Et qui oserait encore affirmer que les associations
culturelles, éducatives ou caritatives n'ont aucun intérêt pour la santé des
nations ? En mai 2009, par exemple, une association de quartier londonienne
aurait décidé de donner, sans aucune contrepartie, la modique somme de 3.000
livres (environ 3.500 euros), à 13 sans-abri de quelques banlieues de la
capitale britannique et je vous laisse imaginer la suite. Si cette
expérience-là n'a pas suscité au départ trop d'engouement de la part des
autorités qui assimilent l'opération à de l'assistanat, il n'en reste pas moins
qu'un an et demi après, toutes les personnes concernées en ont tiré le plus
grand bénéfice et pu avancer. Ils avaient fait tous pour la première fois des
pas déterminants vers la solvabilité et l'amélioration de leur statut
économique. Sept d'entre eux dormaient même sous un toit alors que deux autres étaient
sur le point de s'installer dans des appartements à eux. En outre, la plupart
de ces SDF suivaient désormais des cours de chant et de langues, apprenaient à
faire de la cuisine, s'impliquaient de façon régulière dans des séances de cure
d'intoxication, rendaient fréquemment visite à leurs familles et faisaient des
projets d'avenir. Enorme ! Cela n'aurait sans doute jamais été possible s'il
n'y avait pas eu à la base ce travail associatif assidu de proximité,
d'entraide et de solidarité avec les plus pauvres de la cité. Les associations
de quartier sont, à vrai dire, la cellule centrale la plus proche du quotidien
des gens et de leurs préoccupations que n'importe quelle autorité politique.
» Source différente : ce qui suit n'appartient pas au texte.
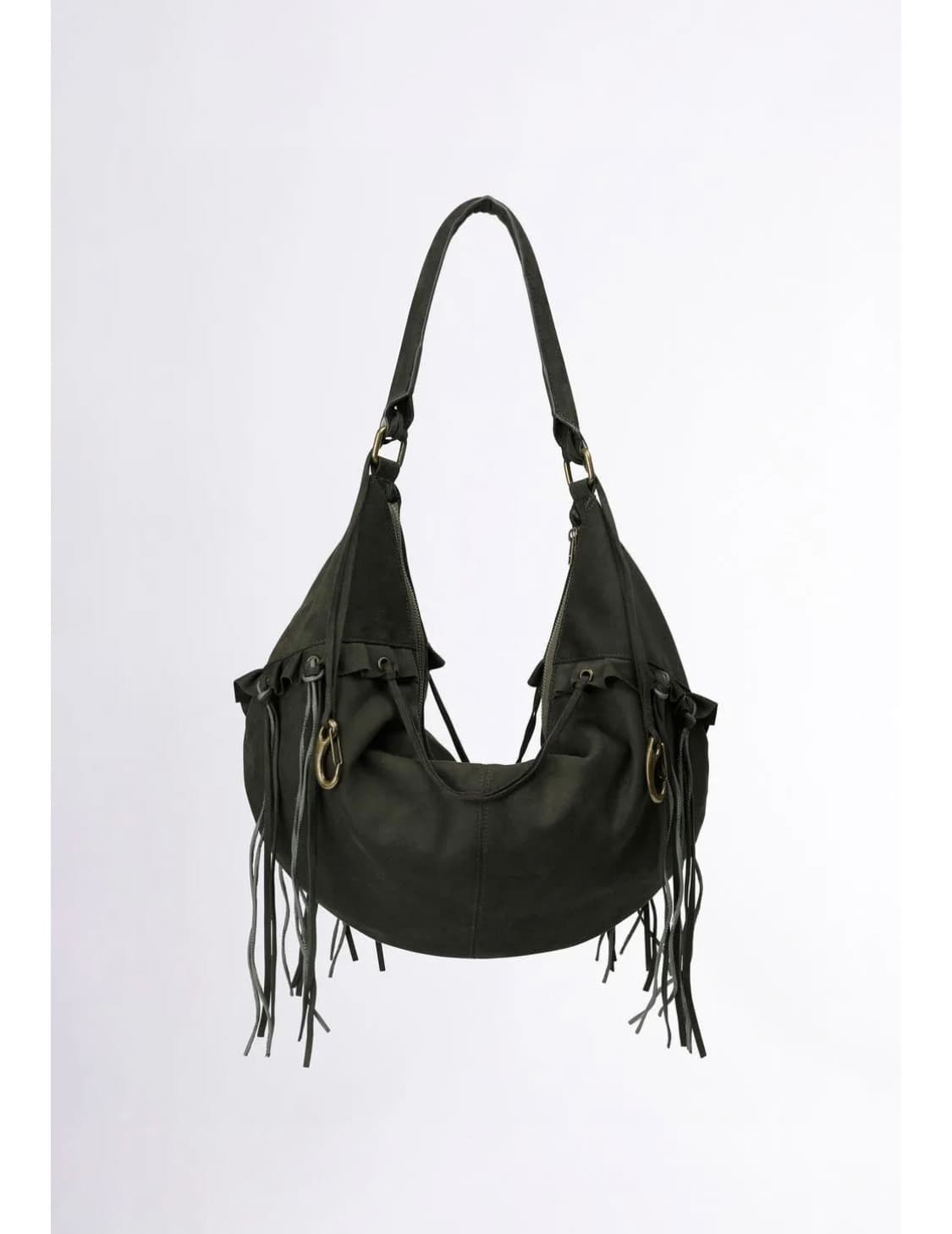 Faux Suede String Hobo Bag Deep Green 상품이미지2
D'ailleurs, celles-ci peuvent résoudre certains problèmes de citoyens à la
phase primaire avant que la situation ne pourrisse, en jouant le rôle
d'intermédiaires entre ces derniers et les pouvoirs publics tutélaires. Elles
peuvent aussi, quand leurs membres sont très actifs et engagés sur le terrain,
et non pas comme dans le cas de la plupart de nos associations en Algérie, des
tubes digestifs sans âme, branchés au sérum de la rente, combler le vide laissé
par les collectivités locales et apaiser les esprits pour resserrer les liens
entre gouvernants et gouvernés. Seul ce maillage associatif est susceptible de
permettre une métamorphose par petites transformations successives, lesquelles
peuvent produire en s'additionnant à la fin un changement qualificatif au sein
de tout le corps social. Imaginons maintenant que les 80.000 associations
algériennes agissent de la sorte, c'est-à-dire, elles tendent l'oreille aux
citoyens, tentent de transmettre leurs doléances et leur venir en aide comme
dans l'exemple de cette association de quartier londonienne ? Le pays n'en
serait jamais là, décidément ! Car, si la politique est l'art du possible,
comme disait l'Allemand Bismarck (1815-1898), le militantisme associatif est ce possible lui-même.